The first line contains a single integer ‘T’ representing the number of test cases. 

The first line of each test case will contain two integers ‘N’ and ‘M’ denoting the number of rows and columns, respectively.

Next ‘N’ lines contain ‘M’ space-separated integers each denoting the elements in the matrix.

Output Format:

For each test case, print an integer which represents the minimum sum that can be obtained by travelling a path as described above.

Output for every test case will be printed in a separate line.

Note: You don’t need to print anything; It has already been taken care of.

Constraints:

1 <= T <= 50
1 <= N, M <= 100
-10000 <= cost[i][j] <= 10000

Where ‘T’ is the number of test cases.
Where 'N' is the number of rows in the given matrix, and 'M' is the number of columns in the given matrix.
And, cost[i][j] denotes the value at (i,j) cell in the matrix.

Time limit: 1 sec

Sample Input 1:

2
3 3
2 3 1
1 2 1
2 2 3
2 3
2 3 3
5 2 1

Sample Output 1:

7
5

Explanation of sample input 1:

In the first test case, the minimum cost path will be (0, 0) -> (1, 1) -> (2, 2), So the path sum will be (2 + 2 + 3) = 7, which is the minimum of all possible paths.
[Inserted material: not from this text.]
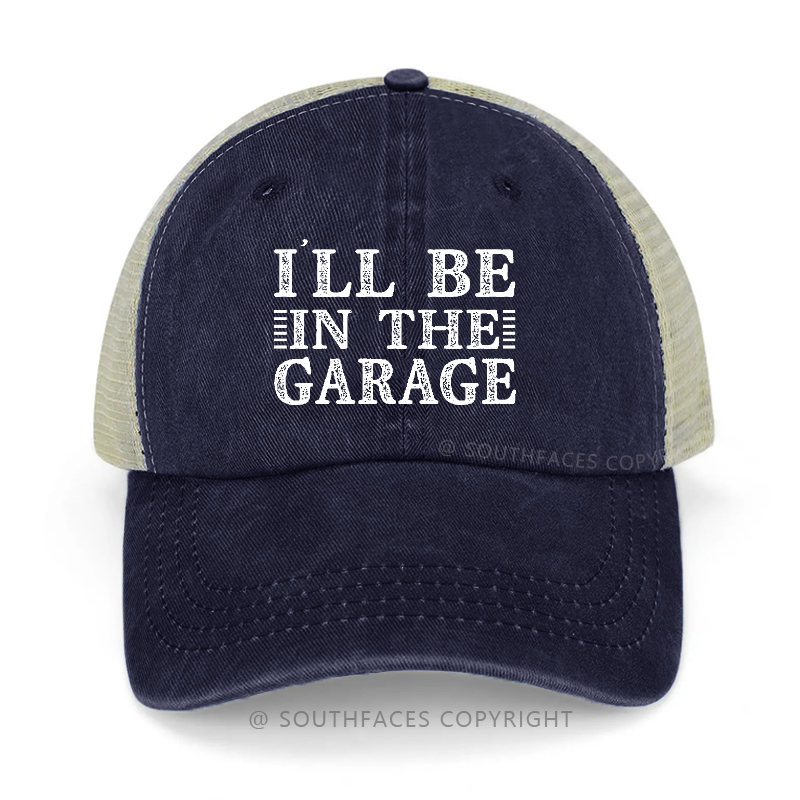 I'll Be In The Garage Trucker Cap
In the second test case, the minimum cost path will be (0, 0) -> (1, 1) -> (1, 2), So the path sum will be (2 + 2 + 1) = 5, which is the minimum of any possible path.

Sample Input 2:

2
1 3
2 1 3
2 2
1 2
-5 3

Sample Output 2:

6
-1

Explanation for sample input 2:

In the first test case, there is only one possible path which is (0, 0) -> (0, 1) -> (0, 1). The path sum is (2 + 1 + 3) = 6

In the second test case, the minimum cost path will be (0, 0) -> (1, 0) -> (1, 1), So the path sum will be (1 - 5 + 3) = -1, which is the minimum of any possible path.